[WASHINGTON] Amazon on Monday renewed its criticism of a New York Times investigation of the US online giant's workplace, saying the newspaper ignored and omitted key facts about the company.
Amazon spokesman Jay Carney said in a blog post that much of the article published in August was based on interviews with a former employee whose "brief tenure at Amazon ended after an investigation revealed he had attempted to defraud vendors and conceal it by falsifying business records." Carney wrote that another employee quoted as saying she didn't sleep for four days straight later pointed out that her issues related to juggling work and graduate school and that "in no way was I asked or forced by management to do this." "When the story came out, we knew it misrepresented Amazon," said Carney, a former White House spokesman who previously worked as a journalist at Time magazine.

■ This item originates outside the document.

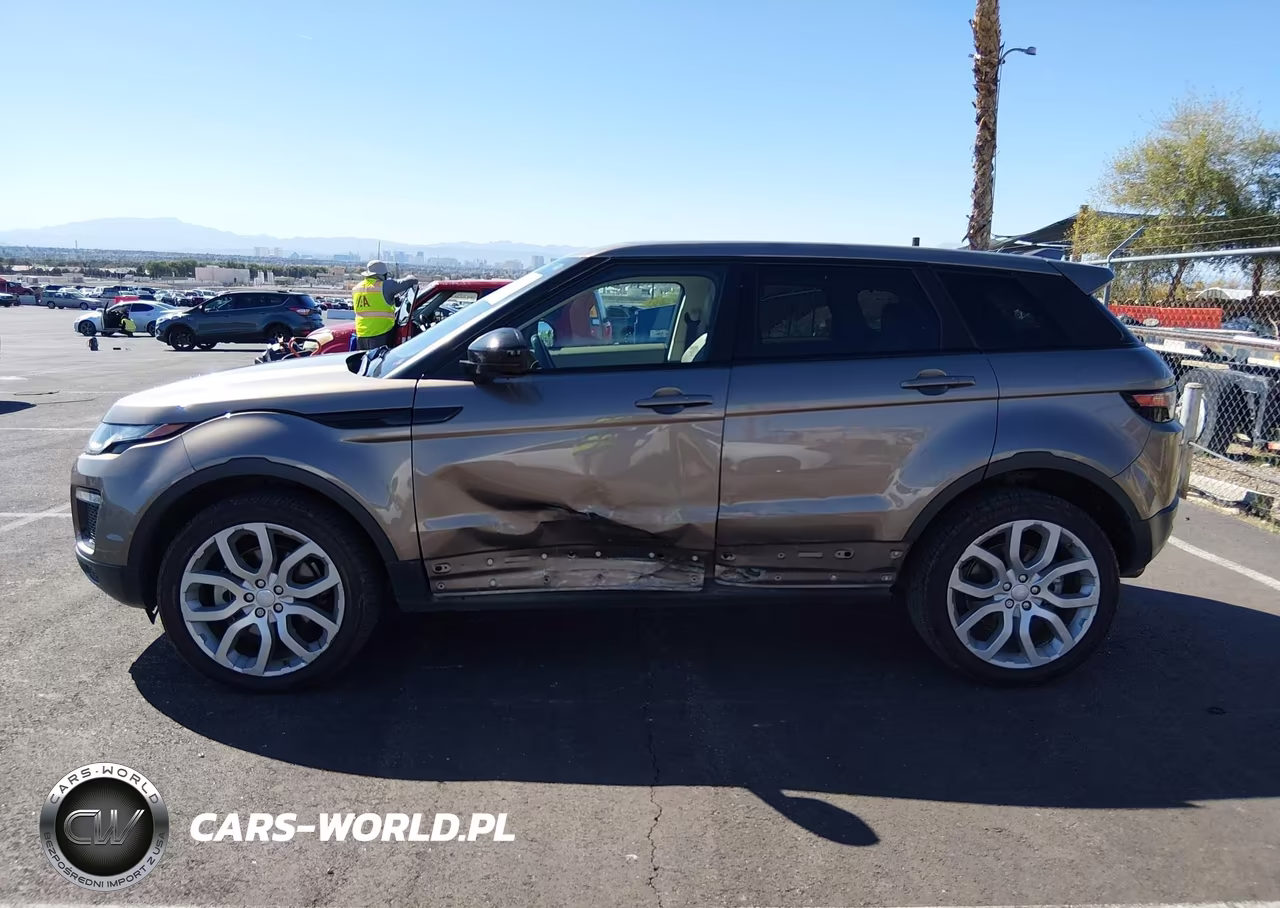 2017 Land Rover Range Rover Evoque Se-Se Premium VIN:SALVP2BG7HH171373 - 13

"Once we could look into the most sensational anecdotes, we realized why. We presented the Times with our findings several weeks ago, hoping they might take action to correct the record. They haven't, which is why we decided to write about it ourselves."

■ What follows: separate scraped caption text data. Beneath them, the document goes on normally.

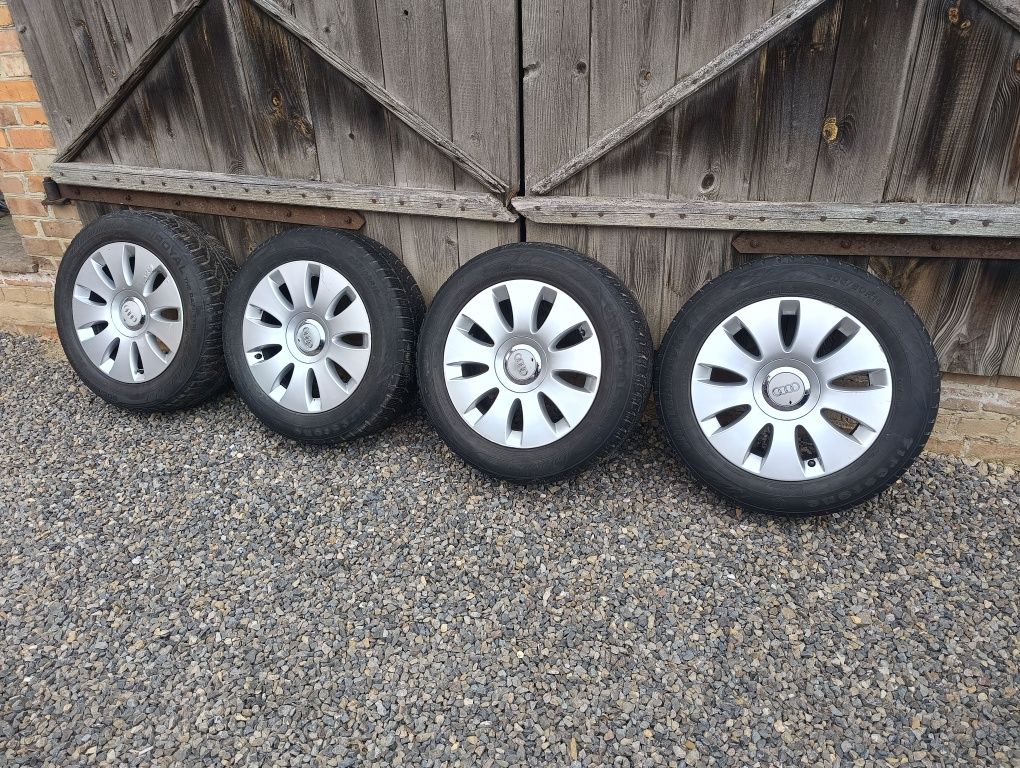Felgi alufelgi koła audi VW r. 16 5x112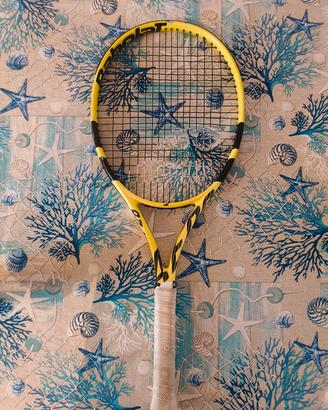 racchetta da tennis babolat pure aero junior 26 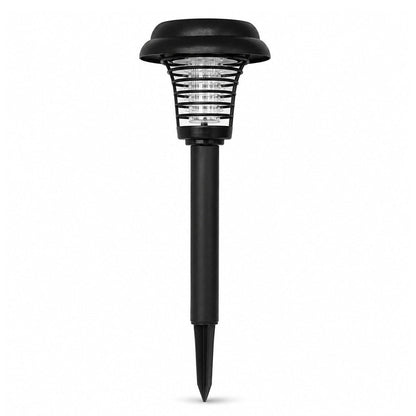 Solar Mosquito Killer Outdoor Ground Stake Lamp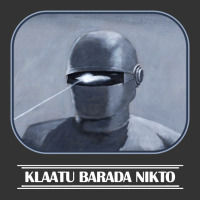 klaatu barada nikto | Teevron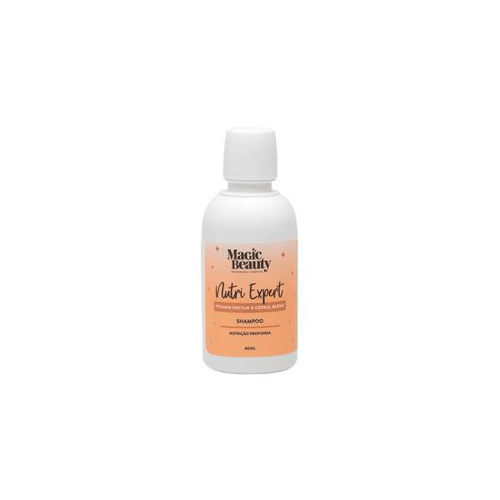 Imagem do produto Magic Beauty Nutri Expert Vitamin Nectar Shampoo 60Ml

The Times report based on interviews with more than 100 current and former Amazon employees sparked a barrage of responses about the workplace culture at Amazon, and other major US tech firms.
The lengthy report described an environment which pitted employees against each other in an effort to boost productivity.
It said employees often cried at their desks and faced stress from Amazon's employee feedback tools.
The Times did not immediately respond to an AFP query on Carney's comments.